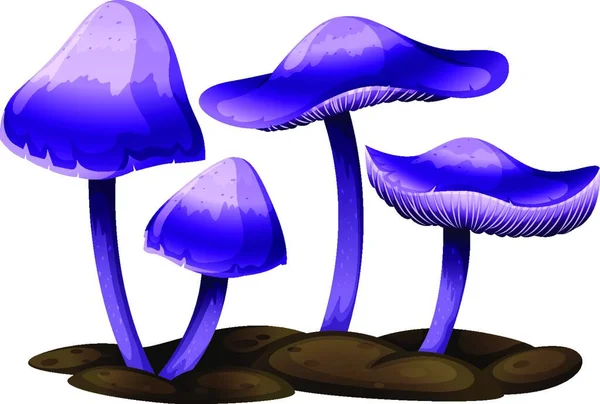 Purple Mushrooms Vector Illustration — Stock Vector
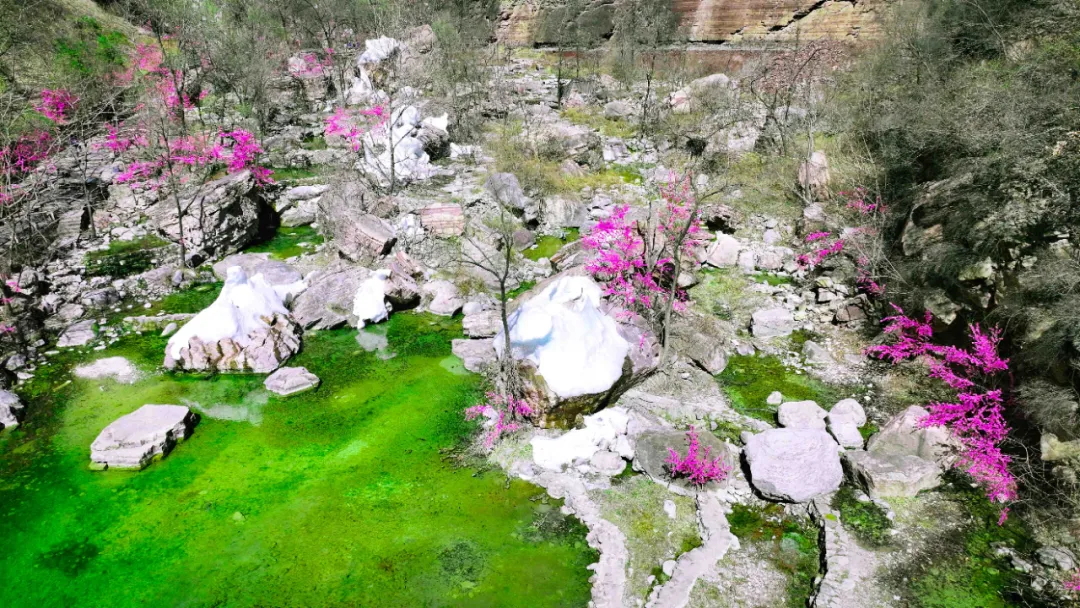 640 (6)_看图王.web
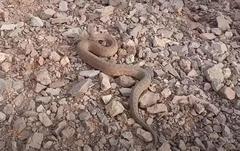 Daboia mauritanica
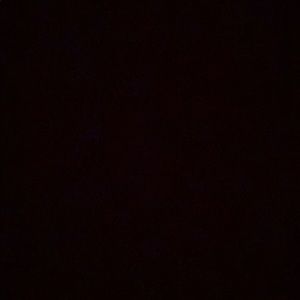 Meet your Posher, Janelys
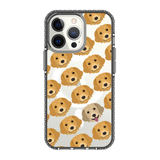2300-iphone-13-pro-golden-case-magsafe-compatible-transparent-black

Assignment: Once the line holding "Meet your Posher, Janelys" is found, set it down along with every line after it through the end of the entries, exactly, leaving the pictures out.

Result of this exercise:
 Meet your Posher, Janelys
2300-iphone-13-pro-golden-case-magsafe-compatible-transparent-black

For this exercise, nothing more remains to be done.